Upon the completion of the above obligations by Caprock, the Optionor will retain a 1% NSR on the Property, all of which could be purchased by Caprock for $1,000,000 at any time. Caprock may, at its sole discretion, opt to exchange any of the above-described common share issuances to the Optionor with cash payments for the total deemed value of that particular common share issuance.

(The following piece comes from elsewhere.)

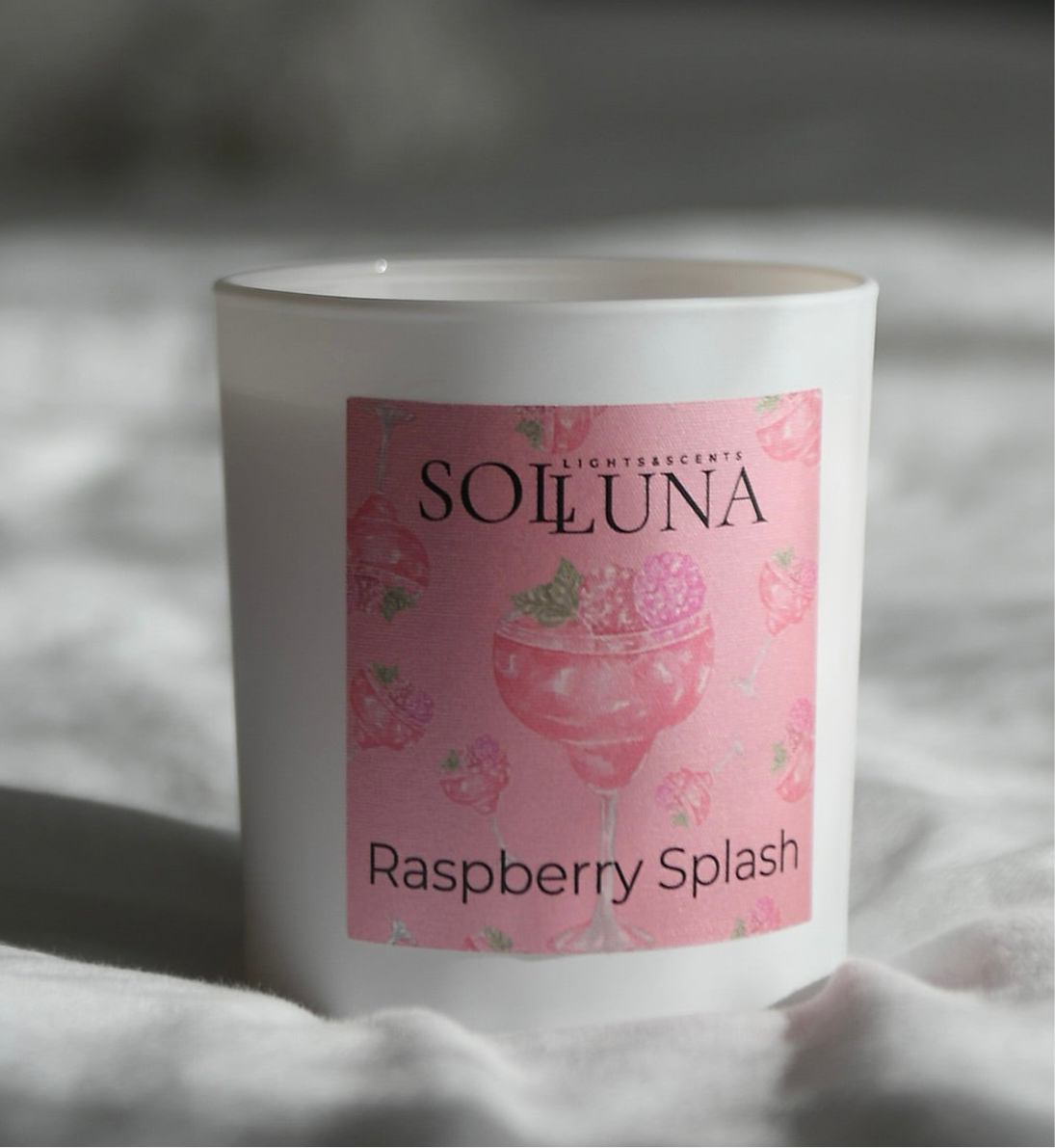 Candle jar Raspberry Splash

The Transaction will be subject to the following conditions:

  • Since the Optionor is a related party, the Transaction must be approved by a majority vote from Caprock's disinterested shareholders;
  • The terms outlined in the LOI must be incorporated into a binding definitive option agreement, which is expected to be executed within 30 days following the execution of the LOI;
  • The Transaction is conditional upon satisfactory due diligence by Caprock, including but not limited to legal, corporate, financial and technical due diligence, which is expected to be completed within 30 days following the execution of the LOI;
  • All common shares of the Company to be issued to the Optionor pursuant to the terms of the Transaction will be subject to a four-month statutory hold period from the date of issuance; and
  • The Transaction is subject to standard regulatory and stock exchange approvals.

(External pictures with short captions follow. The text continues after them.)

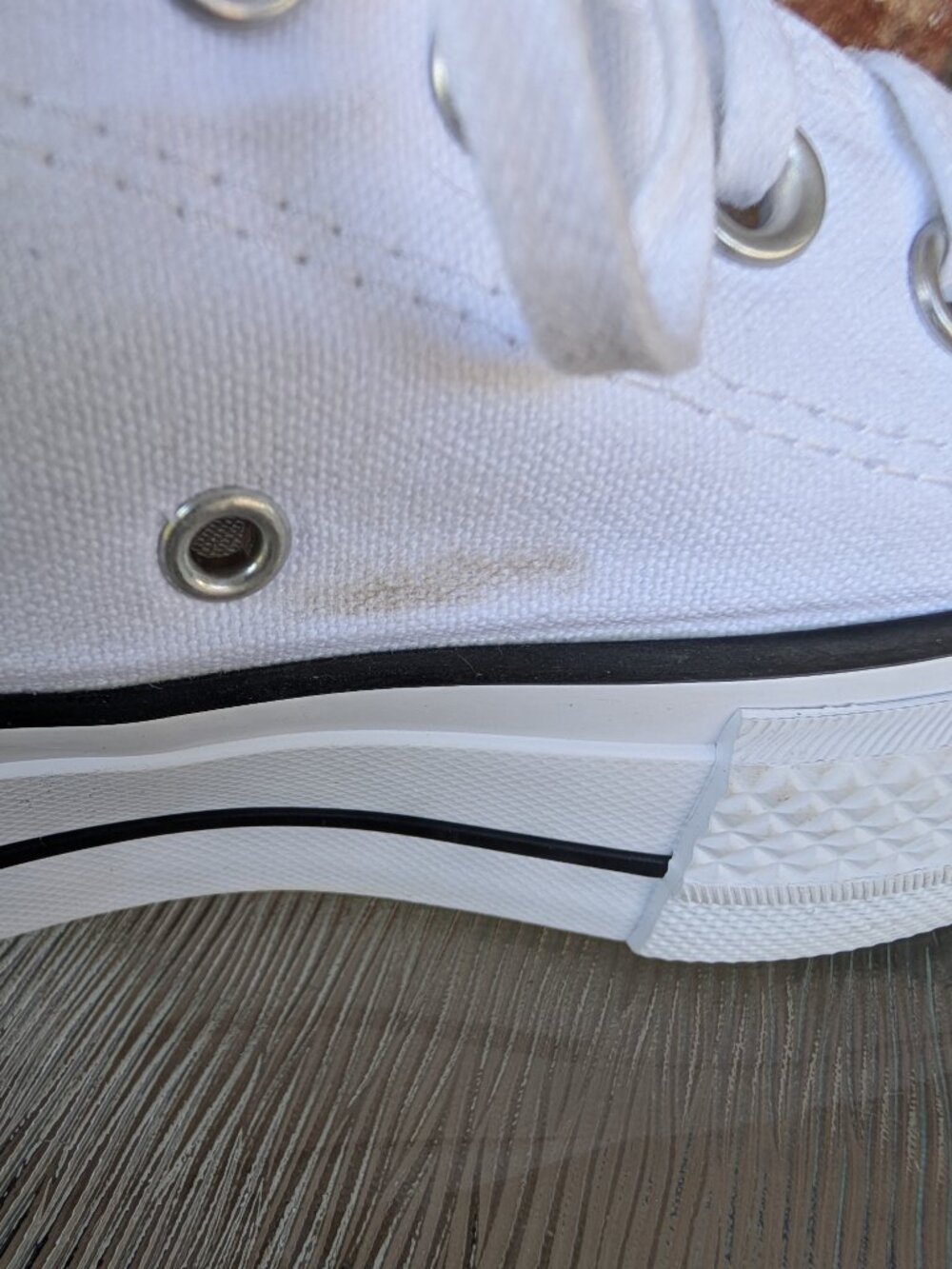 Women's Converse All Star Platform Sneakers White Shoes Size 7.5 - Picture 7 of 10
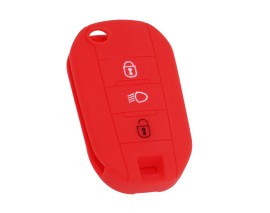 KONTAK ANAHTAR KUMANDA KORUYUCU KILIF SİLİKON KIRMIZI CITROEN C5-AIRCROSS
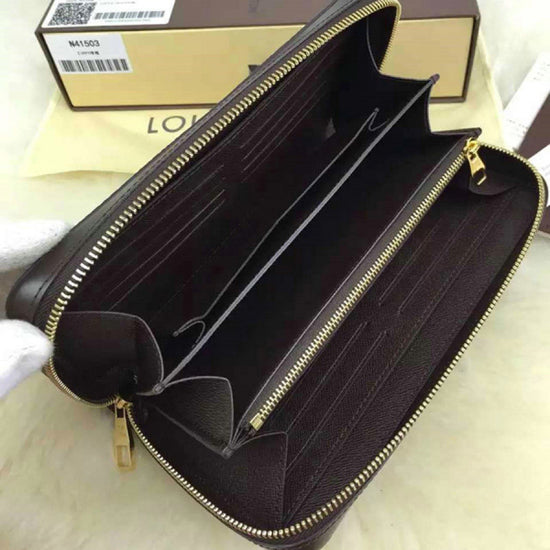 LV Zippy XL Portefeuille Damier Ebene Toile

About Caprock Mining Corp.

Caprock Mining Corp. is a Canadian mineral exploration company focused on exploring battery metals in Newfoundland and precious metals in Ontario.

The Company has an option to earn a 100% interest in the Ackley Lithium-Tin-Molybdenum-REEs property located in the Fortune Bay area of south-eastern Newfoundland. Additionally, the Company's 100% interest in several gold exploration properties gives it a substantial landholding in the historical Beardmore-Geraldton Gold Belt ("BGB") of Ontario - a belt that has produced over four million ounces of gold historically (Reference: Beardmore-Geraldton Gold Camp - Tashota Resources ), and contains the sizeable Greenstone gold project (formerly known as the Hardrock gold project) which is being brought to production by a joint venture partnership between Equinox Gold (TSE: EQX) and Orion Mine Finance (Reference: Greenstone Gold Mines - Mining & Processing ).

The scientific and technical information disclosed in this release has been reviewed and approved by Mr. Vishal Gupta, the Company's President & CEO. Mr. Gupta is a P.Geo. registered with the Professional Geoscientists of Ontario (PGO) and considered a "Qualified Person" as defined under NI 43-101.